Le récit commence sur un prélude entre un indigène et deux colonisateurs espagnols. Tout de suite, le thème de la ségrégation est donné sur un ton à la fois burlesque et incisif. Nous retrouvons la même situation plusieurs siècles après, dans une société futuriste. Ce sont cette fois-ci les « amenitas » des supposés extraterrestres intégrés dans la société qui sont sujet à de nombreuses discriminations. Pour les combattre, cinq médecins se réunissent pour préparer une conférence sur la défense de cette population. Loin du politiquement correct, ils vont interroger sans détours d’où vient la peur de l’autre et comment on en vient à le rejeter. Ils partent de ce qu’ils nomment « el incomodo » (le malaise), ce moment où l’on suspecte quelqu’un de pouvoir nous mettre dans une mauvaise position, que ce soit en nous faisant du mal ou en reflétant quelque chose que l’on refuse de voir. L’autre est toujours notre miroir, c’est celui qui nous fait exister en nous regardant. Quand est-ce qu’il devient notre ennemi ?

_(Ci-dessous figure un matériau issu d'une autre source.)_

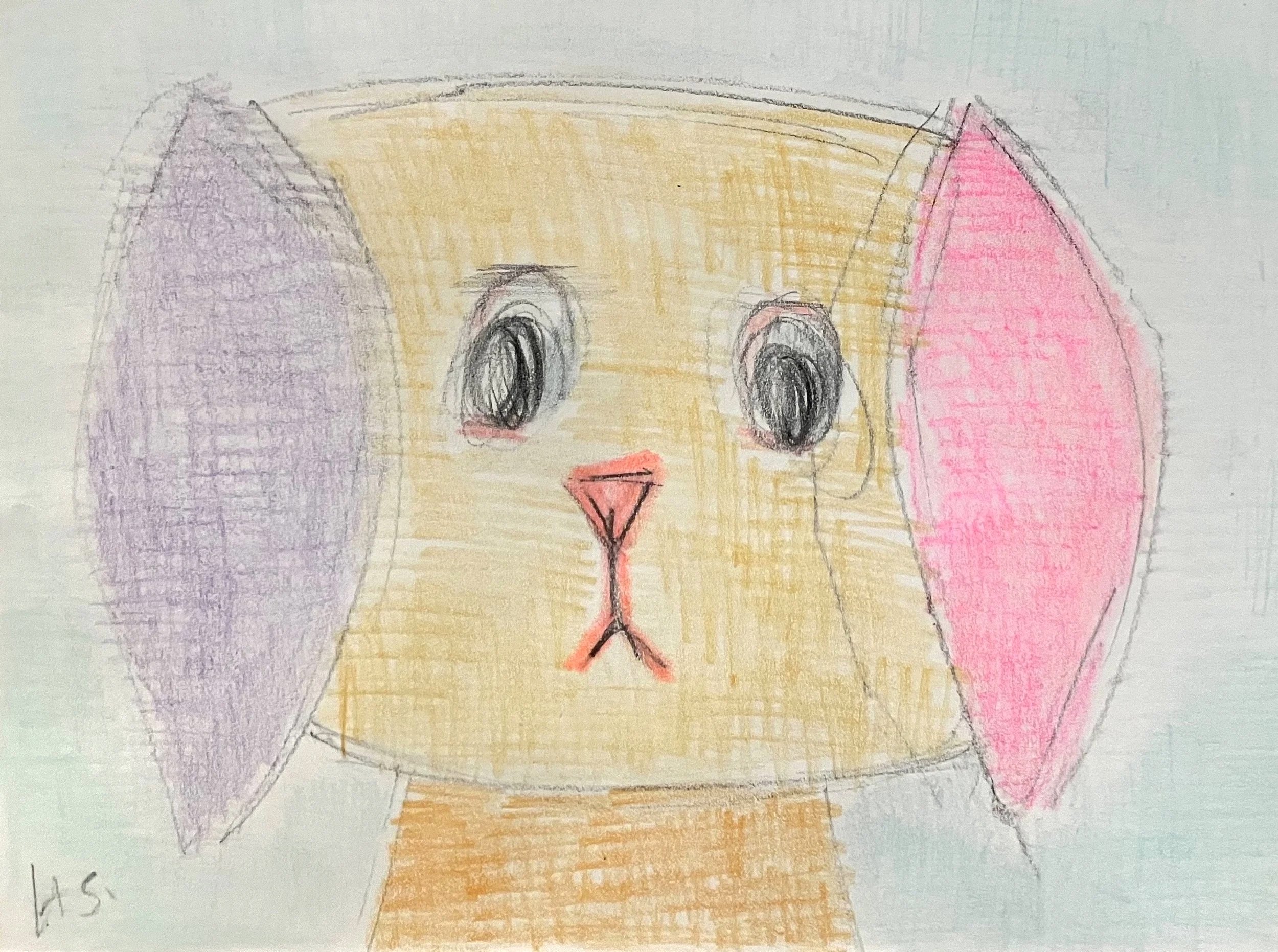 REJECT PUPPY 2026 Pencil & coloured pencil on paper 14.8 x 21 cm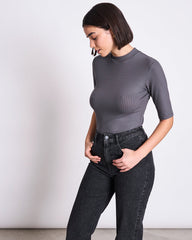 LYOCELL RIB T-SHIRT NINA DARK GREY von JAN `N JUNE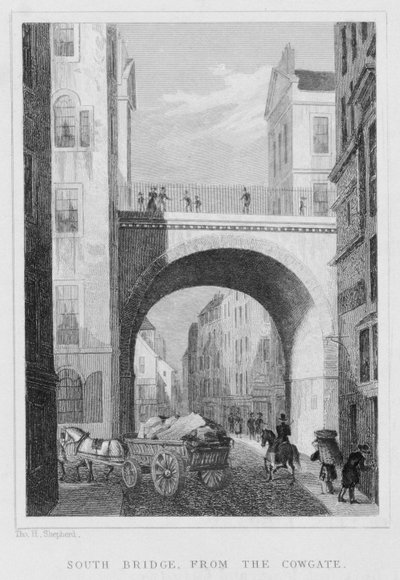 Zuidbrug vanaf de Cowgate, Edinburgh gegraveerd door William Watkins, 1831 door Thomas Hosmer Shepherd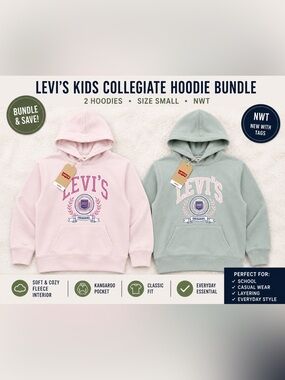 Levi’s Girls Collegiate Hoodie Bundle | 2 Hoodies | Size Small | NWT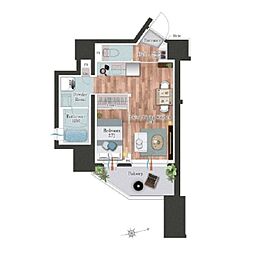 デュオフラッツ池尻大橋ノリス 1LDKの間取図画像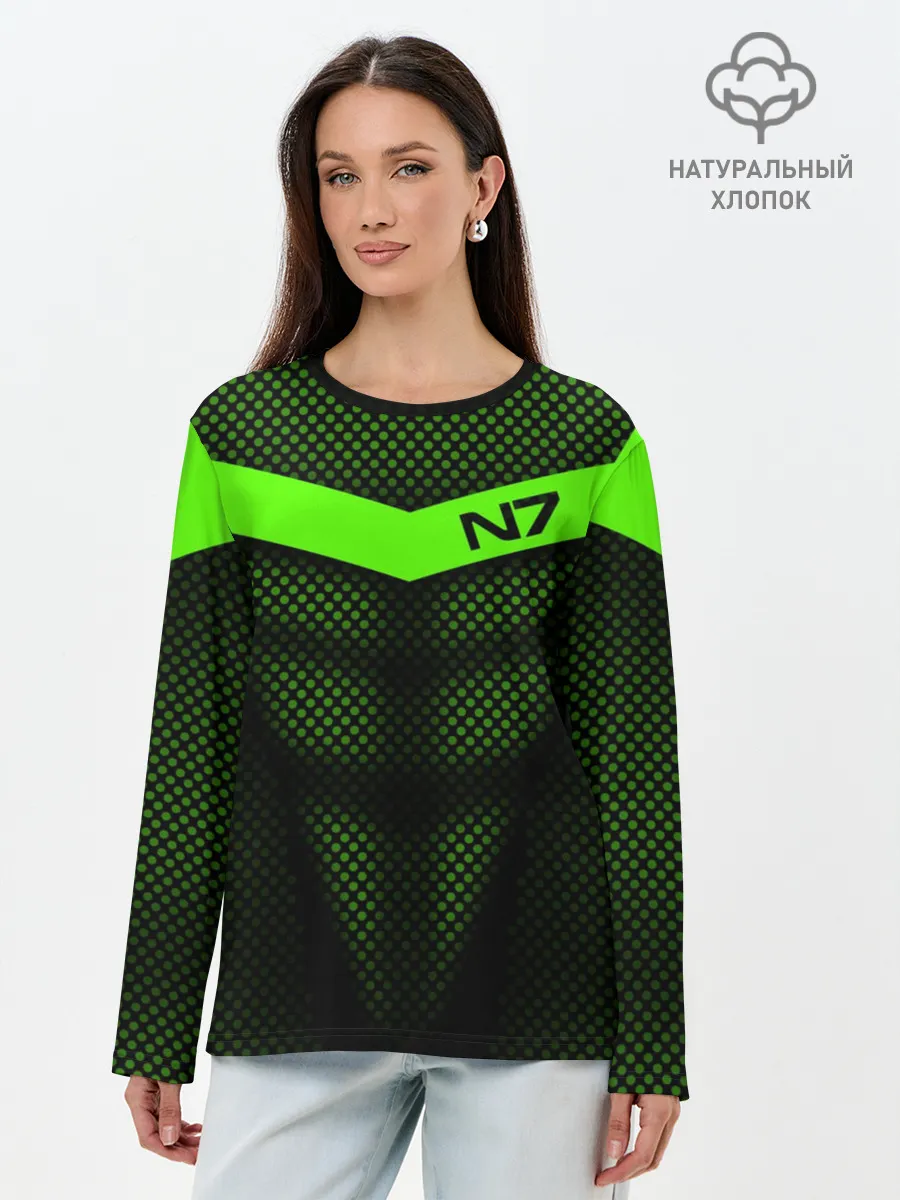Лонгслив женский. Хлопок / Mass Effect N7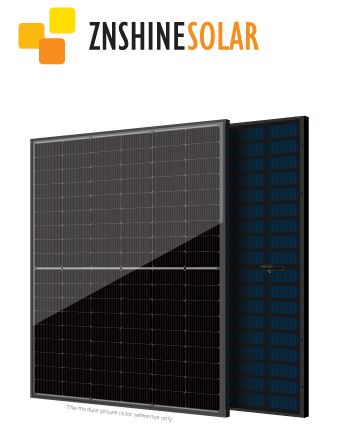 ZNShine Solar 440W Full Black – N-Type TOPCon Bifacial Dual Glass Modu
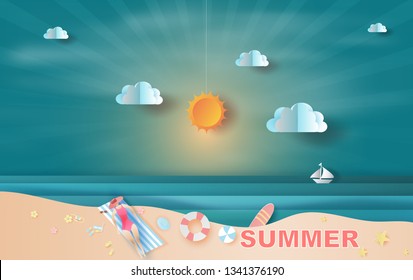 Paper art and craft of illustration summer sea view with sunlight,Summer time for swimming equipment,People 
sunbathing on beach,Graphic design Seaside landscape,Paper cut style digital idea,vector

Sans jamais tomber dans le stéréotype ou dans la morale, les comédiens constatent et remettent sans cesse en question. Aucun jugement n’est porté, il faut pouvoir tout entendre pour tenter d’exorciser la haine en l’explorant dans le moindre de ses travers. La pièce fait preuve d’une véritable empathie pour l’homme sans nier sa violence. La bienveillance et l’égoïsme se heurtent. Grâce à une écriture de plateau riche d’improvisations, les dramaturges Pablo Manzi et Andreina Olivari ont écrit et construit un univers original. Nous ressentons cette recherche constante qui permet aux comédiens d’incarner avec humilité des dialogues percutants. Chaque personnage est dessiné dans sa propre individualité. Les émotions sont traversées jusqu’à l’absurde : la peur, la haine de soi, la solitude, le rejet… Comprendre comment chacune de ces douleurs distancie un peu plus les hommes entre eux et attise la méfiance. Le rire apparait tout le long comme un leitmotiv faisant résonner l’absurdité de la violence et notre impuissance face à elle.

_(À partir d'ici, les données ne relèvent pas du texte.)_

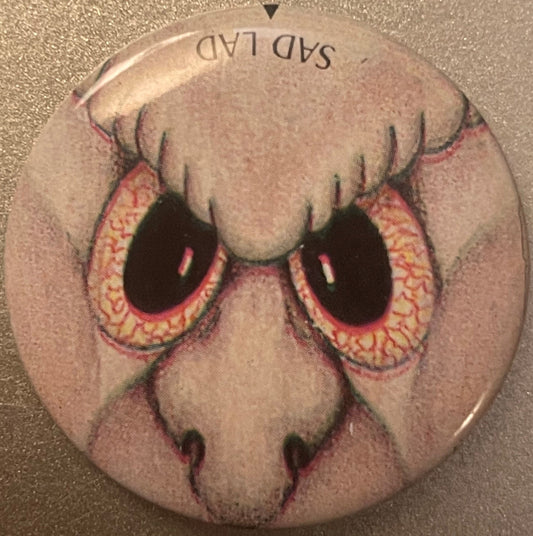 Vintage 1980s Sad Lad Gross-Out Pin 📌 Droopy Bloodshot Monster Face, Pin-Back Button in the Spirit of the 80s Gross-Out Craze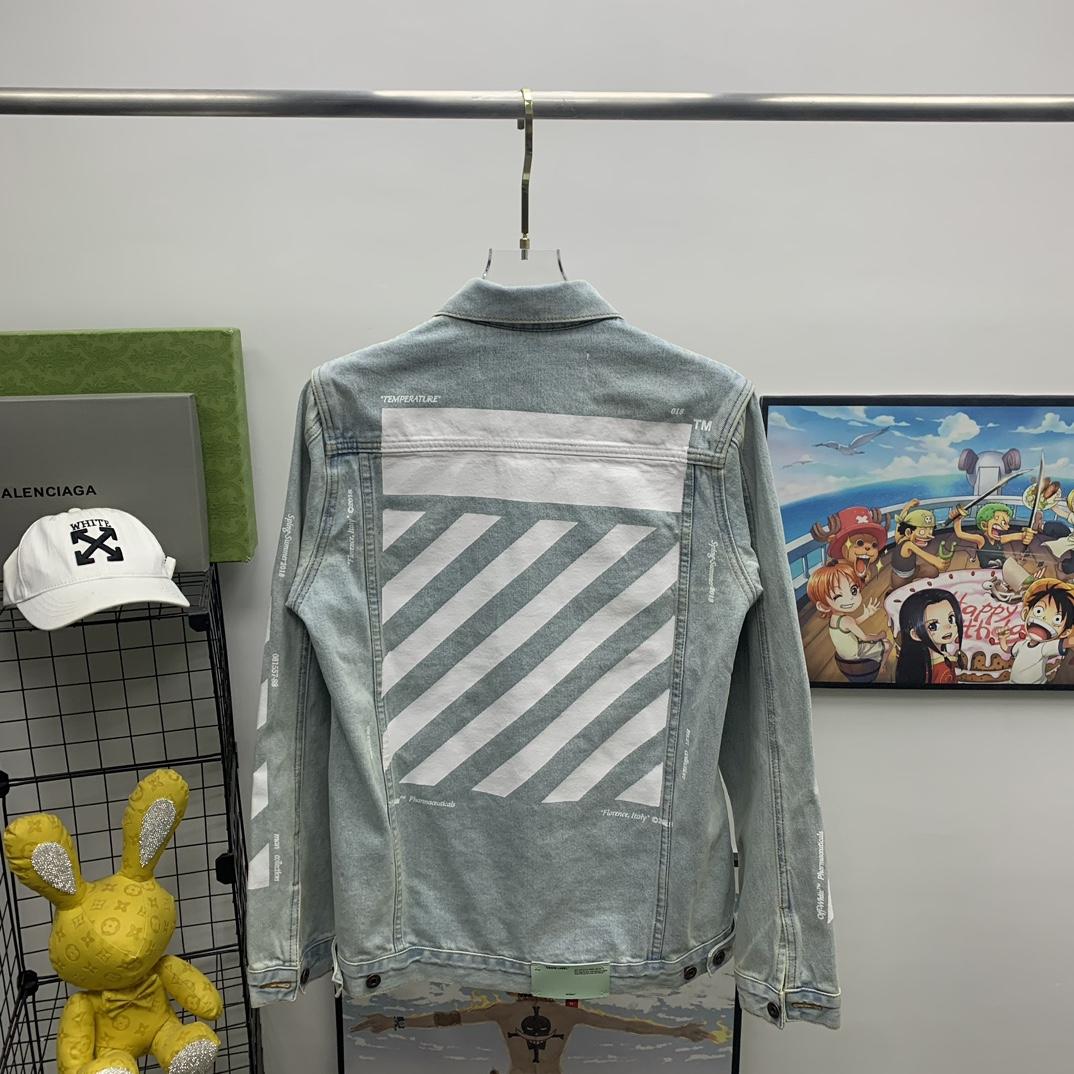 Off White Denim Oversized Denim Temperature Jacket - EUR FASHION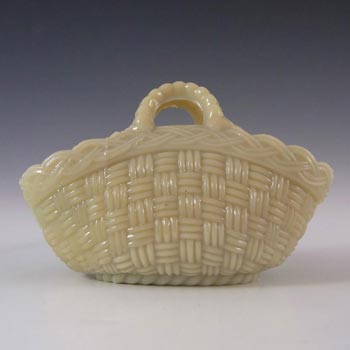 Antique Victorian Cream Milk Glass Vitro-Porcelain Basket Bowl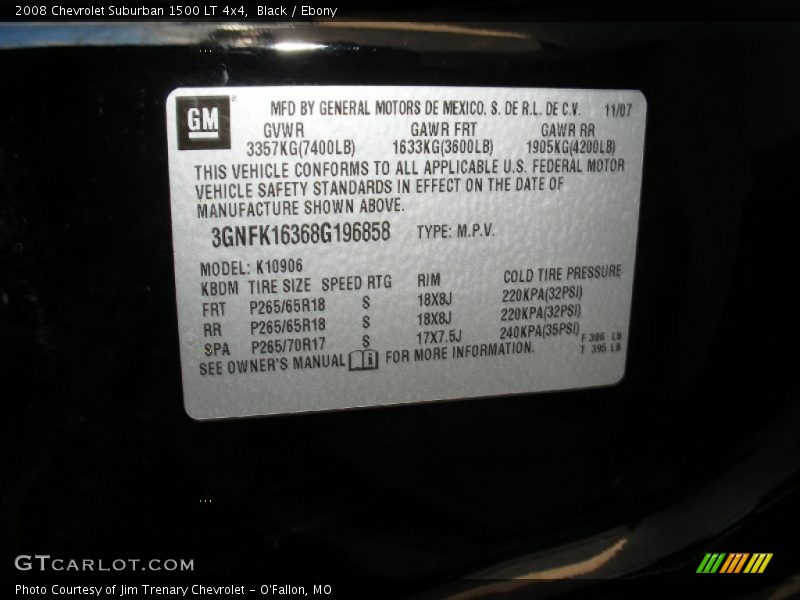 Black / Ebony 2008 Chevrolet Suburban 1500 LT 4x4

Tú amarás pousse le spectateur à s’interroger et à faire preuve d’empathie mais sans ménagement. Elle réussit à dénoncer les maux sociétaux tout en traduisant les émotions d’une précision déroutante grâce à un humour impitoyable. A l’aide d’un jeu engagé et d’un texte lucide, la compagnie Bonobo nous offre une pièce percutante et nécessaire.